Item 4.02. Non-Reliance on Previously Issued Financial Statements or a Related
Audit Report or Completed Interim Review.
In light of recent comments issued by the U.S. Securities and Exchange
Commission (the "SEC"), the management of Bite Acquisition Corp (the "Company")
has re-evaluated the Company's application of ASC 480-10-S99-3A to its
accounting classification of its redeemable shares of common stock, par value
$0.0001 per share (the "Public Shares"), issued as part of the units sold in the
Company's initial public offering (the "IPO") in February 2021. Historically, a
portion of the Public Shares was classified as permanent equity to maintain net
tangible assets greater than $5,000,000 on the basis that the Company will
consummate its initial business combination only if the Company has net tangible
assets of at least $5,000,001. Pursuant to such re-evaluation, the Company's
management has determined that the Public Shares include certain provisions that
require classification of the Public Shares as temporary equity regardless of
the minimum net tangible assets required to complete the Company's initial
business combination.
As a result of the foregoing, on November 18, 2021, the audit committee of the
Company's board of directors concluded, after discussion with the Company's
management, that the Company's previously issued (i) audited balance sheet as of
February 17, 2021, included in the Company's Current Report on Form 8-K filed
with the SEC on February 23, 2021, (ii) unaudited interim financial statements
included in the Company's Quarterly Report on Form 10-Q for the quarterly period
ended March 31, 2021, filed with the SEC on June 9, 2021, and (iii) unaudited
interim financial statements included in the Company's Quarterly Report on Form
10-Q for the quarterly period ended June 30, 2021, filed with the SEC on August
24, 2021 (collectively, the "Affected Periods"), should be restated to report
all Public Shares as temporary equity and should no longer be relied upon. As
such, the Company is restating its financial statements for the Affected Periods
and intends to include a footnote in its Quarterly Report on Form 10-Q for the
quarter ended September 30, 2021 (the "Q3 Form 10-Q"), reflecting the
restatement for the Affected Periods.
The Company does not expect any of the above changes will have any impact on the
amounts previously reported for its cash and cash equivalents or total assets.

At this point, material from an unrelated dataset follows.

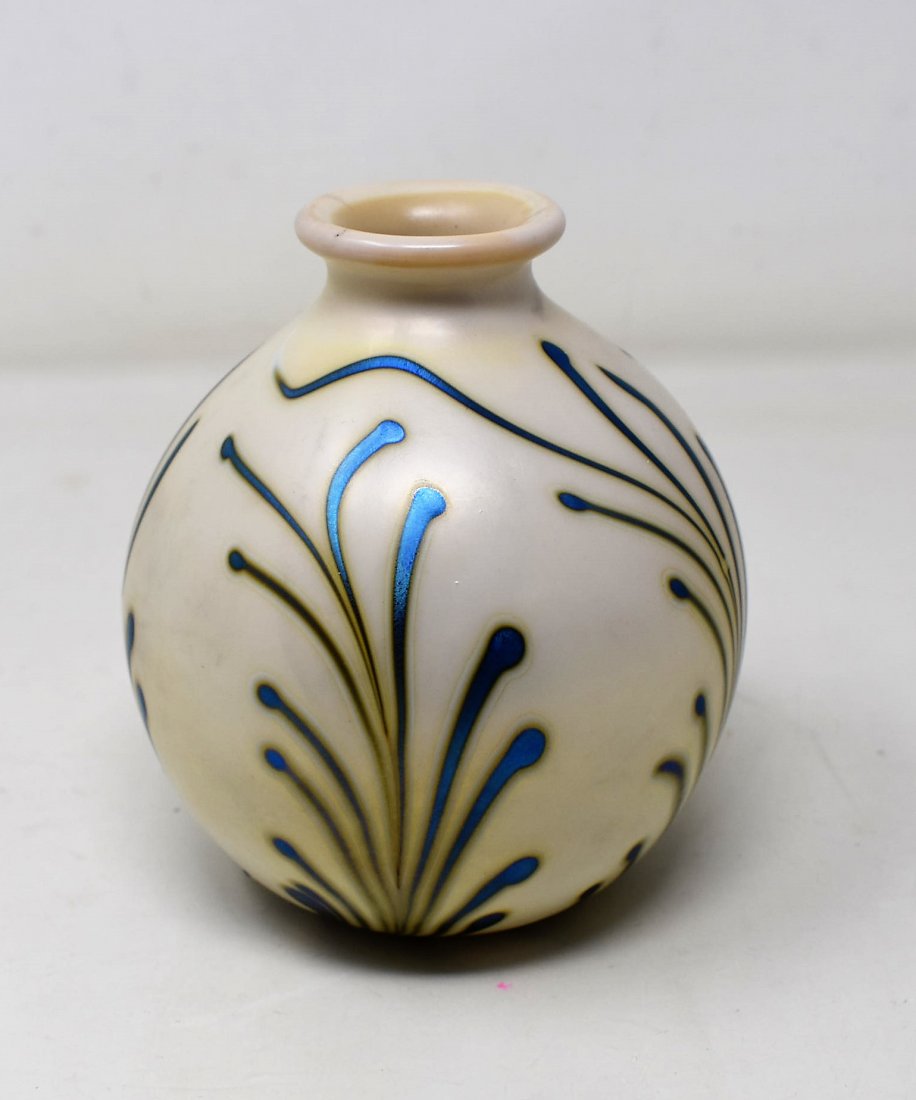 Early 1972 Charles Lotton Vase: Early Charles Lotton 1972 Vase, white with blue ferns. It measures 5.5" tall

The Company's Chief Executive Officer and Chief Financial Officer conducted an
evaluation of the effectiveness of the design and operation of the Company's
disclosure controls and procedures as of the end of the fiscal quarter ended
September 30, 2021. Based on this evaluation, the Company's Chief Executive
Officer and Chief Financial Officer have concluded that as of September 30,
2021, solely due to the events that led to the Company's restatement of its
financial statements to reclassify all redeemable equity instruments to
temporary equity from permanent equity, a material weakness existed and the
Company's disclosure controls and procedures were not effective. The Company's
remediation plan with respect to such material weakness will be described in
more detail in the Q3 Form 10-Q.
The Company has discussed the matters disclosed in this Current Report on Form
8-K with its independent registered public accounting firm, Marcum LLP.